Call the cops? Start an anti-cult Facebook group? Move?
The answer for Peter Aitken (Christopher Denham) is clear: Infiltrate the cult, record their secret activities, and expose their fraud and psychological manipulation to the world at large.
Peter is an investigative journalist at heart and the protagonist of Sound of My Voice, the independent film by Zal Batmanglij that is releasing today (although only in five theaters, sadly).
On a mission to discover more about this strange cult, Peter ends up joining and meeting the leader, a mysterious, ethereal and downright hypnotizing woman named Maggie who claims to be from the future.
The scenes in the cult headquarters (someone’s basement of course) where Maggie talks with her followers are emotionally raw and make you almost uncomfortable as a viewer. You feel voyeuristic or cruel for witnessing the extreme vulnerability of these people.

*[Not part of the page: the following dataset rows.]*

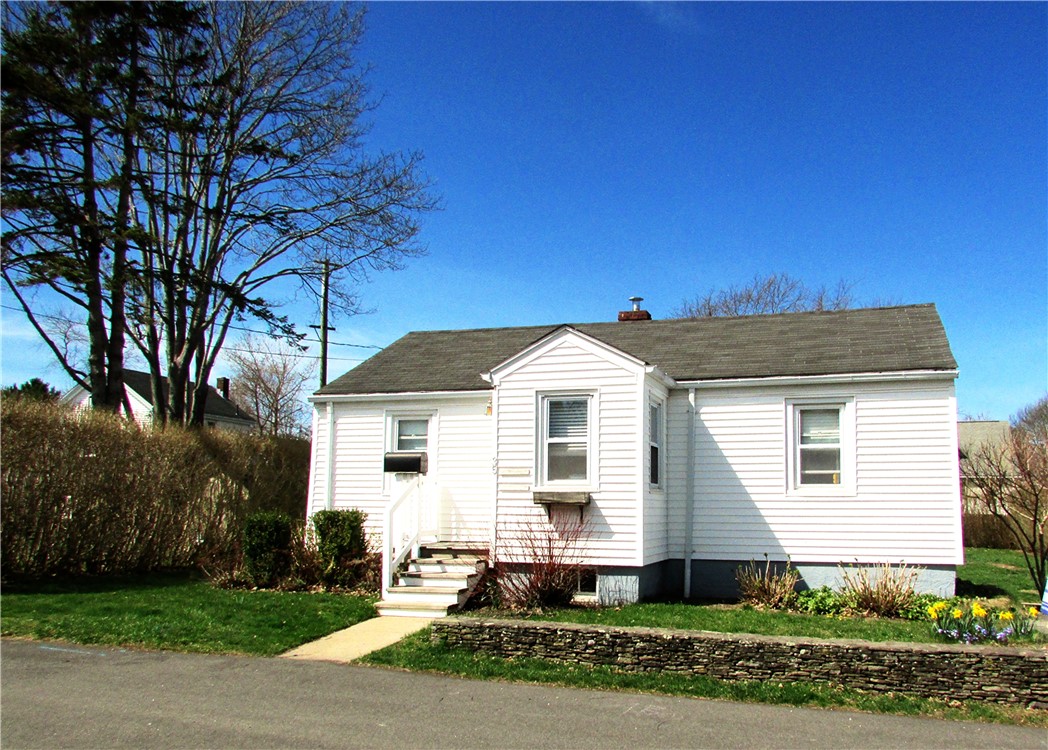 35 Rosa Road Middletown, RI 02842 - Photo 10 of 10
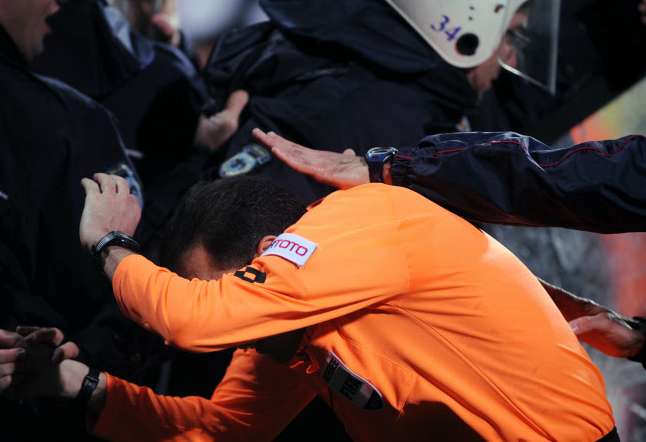 Un arbitre agressé par des parents et un coach en Belgique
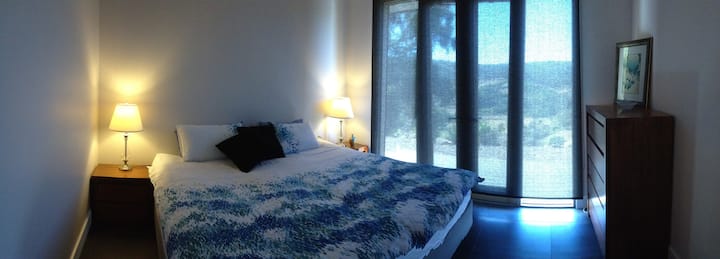 Luxe kingsize tweepersoonsbed of singles beschikbaar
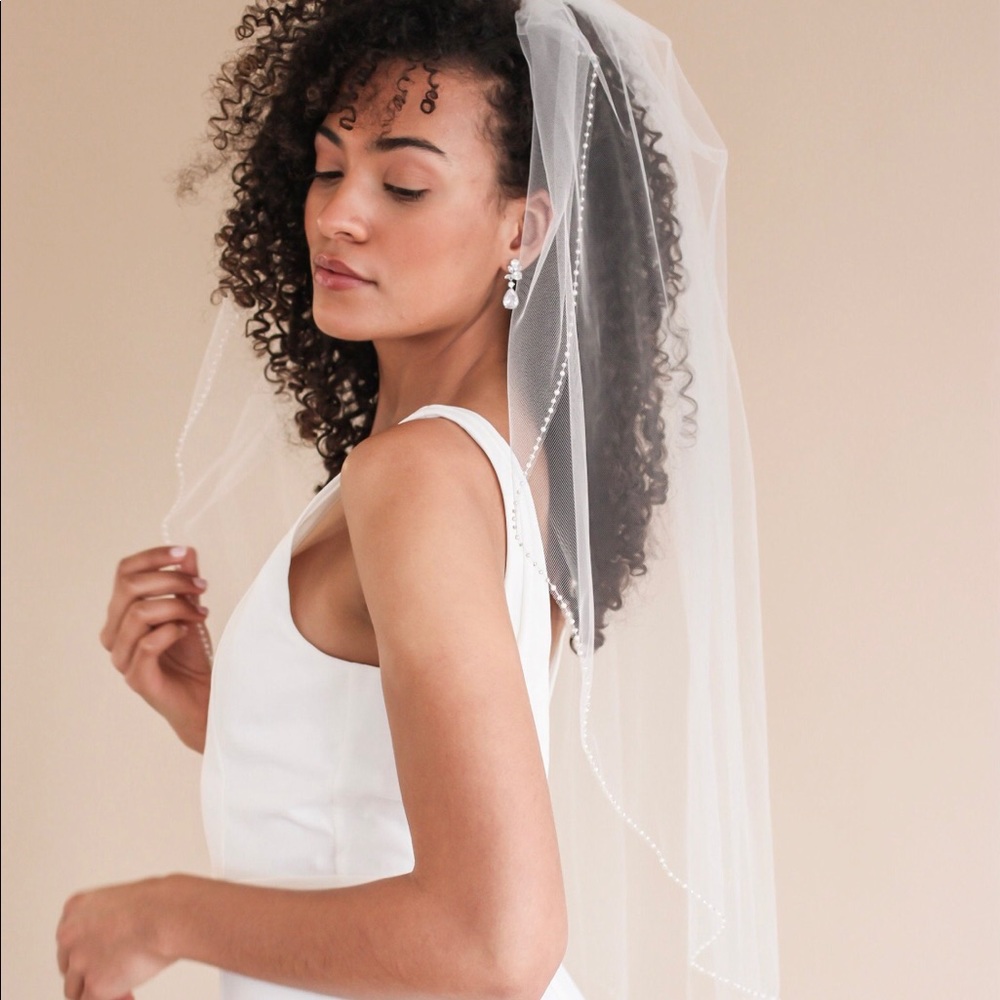Pear beaded wedding veil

And Maggie, played with captivating focus by Brit Marling (who is the film’s co-writer who also starred in and co-wrote last year’s Another Earth), is equal parts calm and forceful, driving her believers and the viewer toward a drastic realization: faith requires devotion manifested as action. The trick is she gets to call the shots on what those actions are, including a startling request she makes of Peter to commit a crime.
Peter isn’t a lone soldier in this crusade, convincing his girlfriend Lorna (Nicole Vicius) to expose the cult with him, but their relationship – and her trust in Peter – is tested as he grows closer to Maggie.

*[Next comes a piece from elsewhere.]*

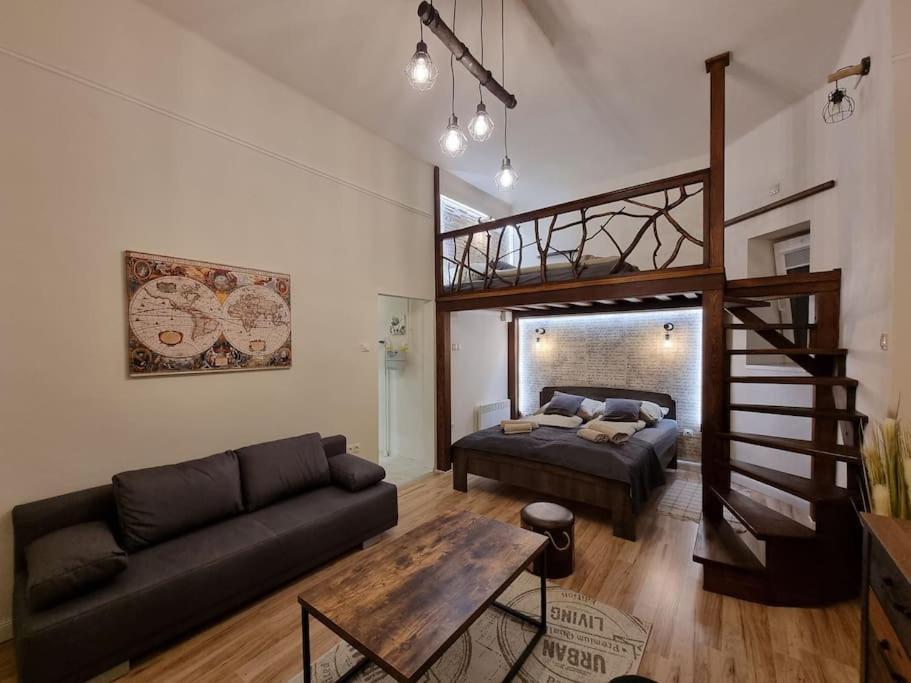 Vintage Apartman In City Center ميسكولك المظهر الخارجي الصورة
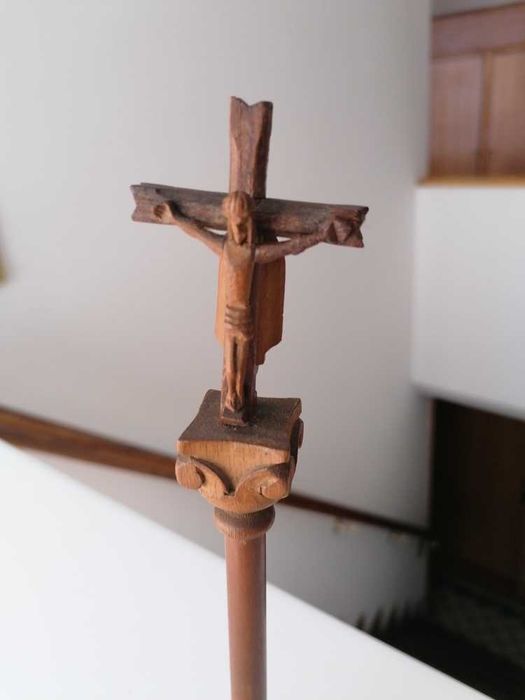 Pelourinho em madeira com duas imagens religiosas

Sound of My Voice debuted at Sundance 2011, and the fact it’s opening now 15 months later is a sad testament to the slow distribution process many independent films have to go through, but Fox Searchlight did gain some indie cred by allowing the movie to stream its first 12 minutes online for free.
Batmanglij and Marling have already moved on to much bigger projects (Batmanglij directed a movie with Ellen Page that is in post-production, and Marling was in the Sundance 2012 flick Arbitrage with Richard Gere), but they’ve recently done a lot of press to support the release of the film and I believe it will succeed.
And if I’m wrong and it doesn’t take off right away, there’s always the chance this fantastic film about cults could become a cult film.